Après le brillant récit La Claire Fontaine, paru en 2013, qui racontait les années suisses du peintre Gustave Courbet, David Bosc s’inspire cette fois d’une Anglaise anonyme. Une femme de 23 ans qui s’est suicidée à Londres en 1945 en sautant nue d’une fenêtre. De Sonia A., le romancier ne sait presque rien, une allusion dans les carnets du poète Georges Henein et quelques coupures de presse. À l’image des flocons de neige, qui ont besoin pour se former d’une poussière infime, son roman se cristallise autour de ces bribes. Il redonne voix de façon magistrale à une réprouvée considérée comme une démente, dans une époque où les suicidés faisaient l’objet, en Angleterre, d’un grotesque procès post mortem.

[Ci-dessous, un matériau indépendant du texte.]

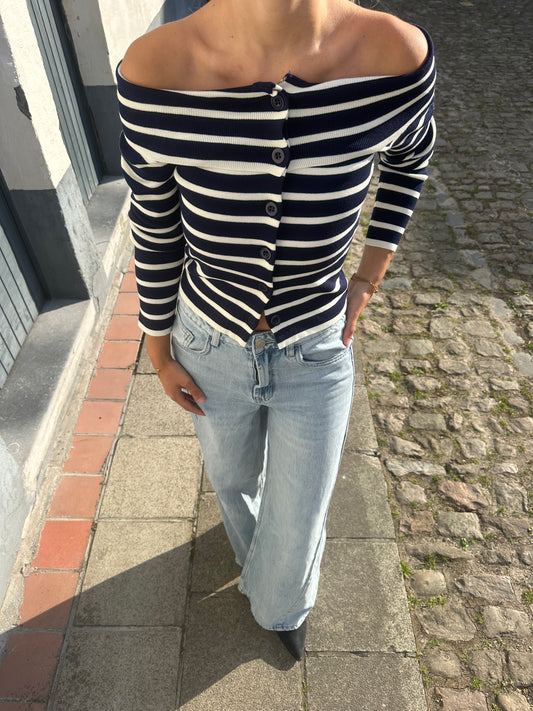 Long-sleeved fitted top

Son récit court, saisissant, procède d’une écriture précise et très évocatrice, qui fait voyager dans plusieurs directions en même temps. On sent Londres bruire, cette ville bombardée qui étouffe dans la poussière des décombres comme en un brouillard. On voit Sonia vivre et penser. Elle fait l’amour, dessine, lit Nietzsche, rêve d’un monde qui « abatte les cloisons entre les êtres ». Des préoccupations contemporaines affleurent, car c’est de notre temps aussi que parle l’auteur. De la violence sociale et de ce à quoi doit tendre l’art. Enfin, au cœur de ce bref texte dont on n’a pas épuisé la richesse, il y a une ode à l’hybridation. À l’opposé d’une « pureté » aryenne, la vie semble résider dans les échanges entre les corps et les espèces. Entre végétal et animal, entre une femme, une hirondelle et une sangsue. Comme dans les fantasmagories hallucinées de Bosch, que Sonia admire. Il y a là un panthéisme, une fête du vivant, jusqu’à la folie.